__What you have to do__: Take the data below and extract the lines from the one with "Geschichte der Geographie" to the one with "Petzl Irvis Flexlock", inclusive, exactly as written.

__Data extract__:
++++++++

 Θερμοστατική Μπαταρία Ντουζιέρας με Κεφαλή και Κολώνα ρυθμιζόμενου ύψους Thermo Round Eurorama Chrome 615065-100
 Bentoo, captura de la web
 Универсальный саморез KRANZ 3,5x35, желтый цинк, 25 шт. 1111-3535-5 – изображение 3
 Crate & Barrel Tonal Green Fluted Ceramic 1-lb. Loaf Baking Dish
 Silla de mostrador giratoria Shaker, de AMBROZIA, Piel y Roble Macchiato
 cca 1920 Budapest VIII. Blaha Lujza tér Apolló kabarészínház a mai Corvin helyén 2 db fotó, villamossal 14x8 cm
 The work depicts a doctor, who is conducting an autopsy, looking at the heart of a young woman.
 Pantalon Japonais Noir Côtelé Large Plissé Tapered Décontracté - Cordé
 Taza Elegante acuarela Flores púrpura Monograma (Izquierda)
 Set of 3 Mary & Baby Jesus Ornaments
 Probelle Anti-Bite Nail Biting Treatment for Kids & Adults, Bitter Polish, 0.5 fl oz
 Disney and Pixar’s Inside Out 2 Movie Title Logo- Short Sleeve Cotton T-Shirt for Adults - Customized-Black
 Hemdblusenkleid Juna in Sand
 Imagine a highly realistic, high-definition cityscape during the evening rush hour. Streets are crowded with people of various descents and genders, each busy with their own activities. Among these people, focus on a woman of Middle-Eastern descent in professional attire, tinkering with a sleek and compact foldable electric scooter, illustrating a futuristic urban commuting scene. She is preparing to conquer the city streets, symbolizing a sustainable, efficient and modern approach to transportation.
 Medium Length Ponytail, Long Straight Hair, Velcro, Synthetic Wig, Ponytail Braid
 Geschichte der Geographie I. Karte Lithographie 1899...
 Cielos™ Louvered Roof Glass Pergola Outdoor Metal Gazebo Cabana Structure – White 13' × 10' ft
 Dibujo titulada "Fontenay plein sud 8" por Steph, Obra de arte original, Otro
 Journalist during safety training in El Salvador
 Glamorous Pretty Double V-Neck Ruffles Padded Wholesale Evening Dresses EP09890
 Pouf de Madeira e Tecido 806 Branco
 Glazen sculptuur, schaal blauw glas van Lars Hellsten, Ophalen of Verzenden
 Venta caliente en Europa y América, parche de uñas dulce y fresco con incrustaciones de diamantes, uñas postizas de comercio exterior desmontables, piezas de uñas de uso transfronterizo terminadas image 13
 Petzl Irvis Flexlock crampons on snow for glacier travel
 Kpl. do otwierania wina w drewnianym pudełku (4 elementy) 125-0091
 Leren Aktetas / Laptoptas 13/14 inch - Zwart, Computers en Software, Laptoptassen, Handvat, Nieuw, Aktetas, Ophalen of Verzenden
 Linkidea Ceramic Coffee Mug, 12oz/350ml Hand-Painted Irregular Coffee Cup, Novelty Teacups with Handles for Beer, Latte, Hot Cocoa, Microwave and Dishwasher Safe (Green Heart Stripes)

++++++++

__Completed exercise__:
 Geschichte der Geographie I. Karte Lithographie 1899...
 Cielos™ Louvered Roof Glass Pergola Outdoor Metal Gazebo Cabana Structure – White 13' × 10' ft
 Dibujo titulada "Fontenay plein sud 8" por Steph, Obra de arte original, Otro
 Journalist during safety training in El Salvador
 Glamorous Pretty Double V-Neck Ruffles Padded Wholesale Evening Dresses EP09890
 Pouf de Madeira e Tecido 806 Branco
 Glazen sculptuur, schaal blauw glas van Lars Hellsten, Ophalen of Verzenden
 Venta caliente en Europa y América, parche de uñas dulce y fresco con incrustaciones de diamantes, uñas postizas de comercio exterior desmontables, piezas de uñas de uso transfronterizo terminadas image 13
 Petzl Irvis Flexlock crampons on snow for glacier travel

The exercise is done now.